Motor Neurone Disease Association – John’s journey
These posters tell the story of John Bell, a young man who was struck down with motor neurone disease. His courage and that of his family in allowing his deterioration to be photographed and then exhibited in the London Underground is humbling. His wife, Charlotte, and their young boys must miss him sorely, but hopefully they take comfort that John’s story shows the stark reality of this devasting disease and that is has done so much to raise awareness of it and the funds necessary to find a cure.
Medium of communication:Posters.
Country of origin:UK.
Motor Neurone Disease Association, Tony Muranka and Peers Carter, John Bell and family.
Name of exhibitor:Reuben Turner, creative director, the Good Agency.

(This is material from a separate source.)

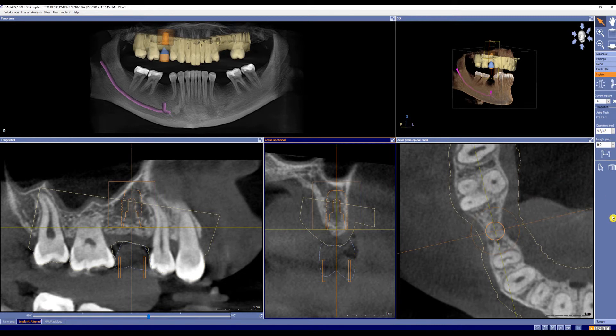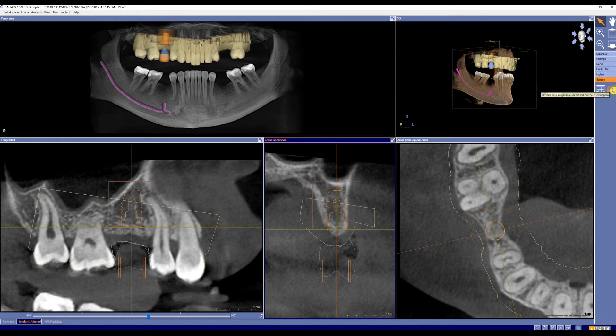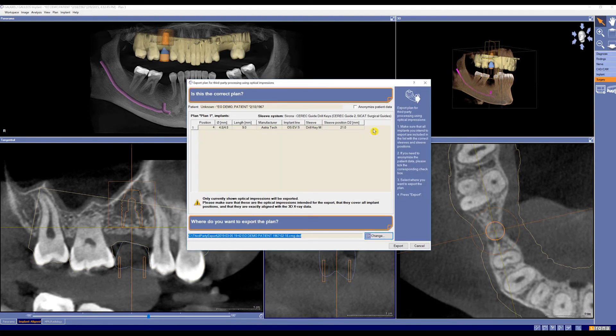From here, I can now go to our surgery tab in the bottom right-hand corner, click surgical guide, and as you can see, a new option has appeared — that's export for third party processing, which will go back into our CEREC acquisition unit to mill a CEREC Guide 2. I can click here, and you'll notice all the information that we've already planned appears. I can pick a folder that is on my server so it can be easily accessed by my CEREC unit, and click export.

Date of first appearance:October, 2005.
Conceived as an awareness- and profile-raising campaign, as well as a television documentary, John’s journey went on to become an incredibly successful fundraising campaign that raised £230,000 and prompted a £7.5m government investment into research.
The key issue of the campaign was to change the lack of awareness of motor neurone disease and the MNDA. It was also created to correct the widespread misunderstanding that the condition is not fatal – a misconception that has arisen in part because its best-known sufferer, Professor Stephen Hawking, has lived with the disease for over 30 years.
In addition, the campaign also aimed to increase government funding for medical research into a cure.
The campaign was managed by MNDA, Tony Muranka and Peers Carter, the creatives gave their time for free and poster sites in key London Underground stations were donated by CBS media.
An early example of online integration, the campaign used its website as the main response mechanism for donations. Supporters were also able to leave messages for John and his family online.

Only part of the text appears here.